The eurozone and UK should keep an eye on services prices and wages, but central bankers should expect it to moderate now that natural gas prices have reversed. Having not suffered anything like the same energy shock, the US almost certainly has a more traditional services prices story and therefore more to worry about with persistence of inflation.

A nimble Bank of Japan

Earlier today, the Bank of Japan ended negative interest rates and raised its policy rate from -0.1 per cent to a range of zero to 0.1 per cent. Read this for the breaking news and Robin Harding, FT Asia editor and our former Tokyo bureau chief, puts the story in context here.

The mood music at the BoJ transformed last week after indications that large companies will offer the highest wage increases since 1992, indicating that a positive wage price dynamic is now operating. This is positive, but will not change the outlook hugely. A move had been expected in April in any case, and the BoJ has indicated it will keep rates accommodative “for the time being”.

The first move upward in rates is unlikely to push Japanese rates towards anything like those in Europe or the US. Even as the central bank has formally ended yield curve control it still says it will “make nimble responses”, raising the rate of asset purchases if market interest rates spike higher. Economic activity is still lacklustre, the durability of the wage price dynamic is far from secure and smaller companies are yet to offer similarly sized wage increases. I could show a chart of forward Japanese interest rates over the coming year, but it is identical to that a week ago. Longer term Japanese market expectations of interest rates have actually declined a little.

But let’s not get grouchy. The BoJ’s move demonstrates it knows how to take advantage of the situation and escape negative rates before other central banks start easing policy. This marks definitive progress and another step towards the normalisation of Japan’s economy.

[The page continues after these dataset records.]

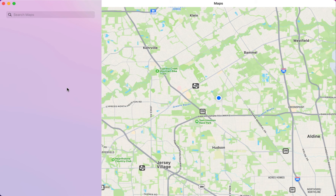Hello everyone, and hello YouTube subscribers. I just wanted to share with you the app that I'm working on for my brand new course, which is Mac OS Programming with SwiftUI.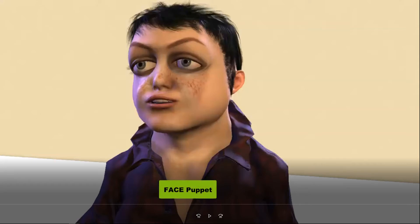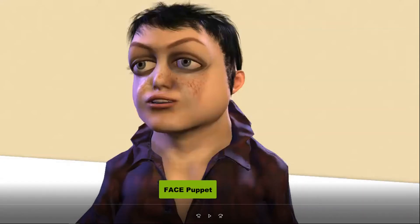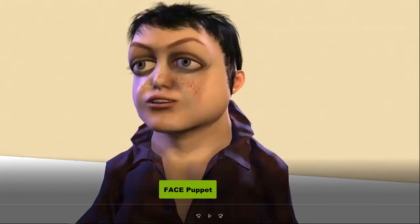Next we're going to be having some fun with FacePuppet. These next three videos that we're going to watch here — short little videos — were created with FacePuppet, not using the iPhone app or anything. This is just all done using the built-in tools of iClone. So this is a character called Gomez that I created in Character Creator.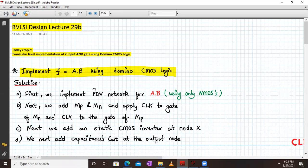Hello everyone, welcome to VLSI Design Lecture 29B. Today we are going to implement a two-input AND gate using Domino CMOS logic, meaning we have to implement F equals A dot B using Domino CMOS logic.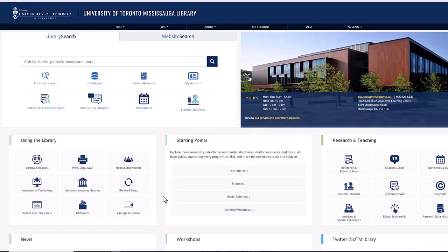If there's an item that you want but we don't have it at any of the University of Toronto libraries, first contact your liaison librarian. If your liaison librarian encourages you to use our interlibrary loan service, then you can go ahead and request the item from another library system using RACER. RACER is free to use for students, faculty, and staff members. Keep in mind that it can take weeks for items to arrive, particularly if a book is coming from outside of Canada.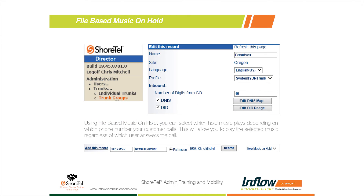Another option with file-based music on hold is selecting the music based on the phone number the customer called. If you have a particular marketing phone number and want to play special hold music or marketing messages, you can control the music on hold by the local number, an 800 number, or even a number that goes to a single employee. When that employee puts them on hold, you can play different hold music than if somebody called a regular extension.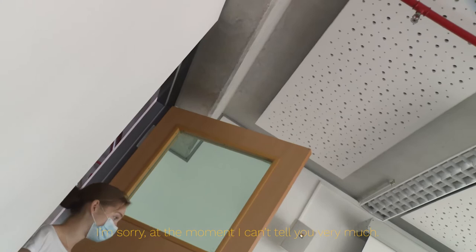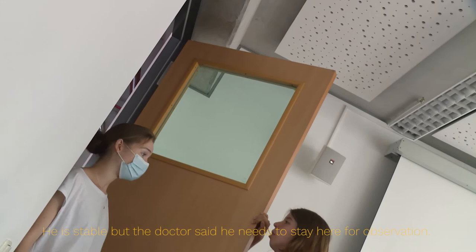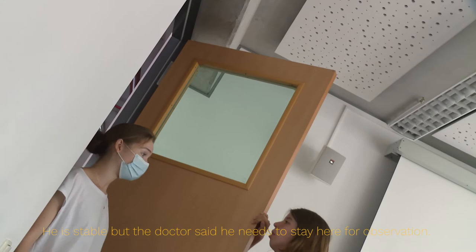Hello. Do you know how long he must stay? I'm really sorry. For the moment I can't say anything more specific. He is stable so far, but the doctor says for observation we have to keep him here a bit.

What I’ve been reading and watching

  • US academic economists in the FT-Chicago Booth have been very consistent in their 2024 interest rate expectations. In early December 75 per cent thought there would be fewer than three rate cuts and now it is a little over two-thirds. I wonder if there would have been a different result if they had been asked in early January

  • The ECB published its new framework for setting interest rates, plumping for a demand-led corridor system. This was much as expected. With such a large balance sheet, it will not apply for some time

  • Argentina has managed a large debt swap, increasing the maturities of its debts, giving it breathing space and allowing interest rates to come down to a mere 80 per cent from 100 per cent. Recessionary forces are still increasing and inflation is far from beaten, however

  • If you want to read the optimistic take on China, Martin Wolf has been examining it

  • And if you want to be depressed that the Laffer curve rarely exists in practice, I went into the gory details from a UK perspective

A chart that matters

I am indebted to Robin Brooks, senior fellow at the Brookings Institution, for this lovely graphical representation of the reversal of the Santa rally in financial markets. In November and December, traders were certain about a huge number of rate cuts to come during 2024 and these have mostly been reversed (Australia and Switzerland being minor exceptions to this rule). The chart shows that financial markets still expect current policy rates to come down by the end of 2024, but not nearly as much as at the end of last year. Let no one say it is only central bankers who get their forecasts wrong.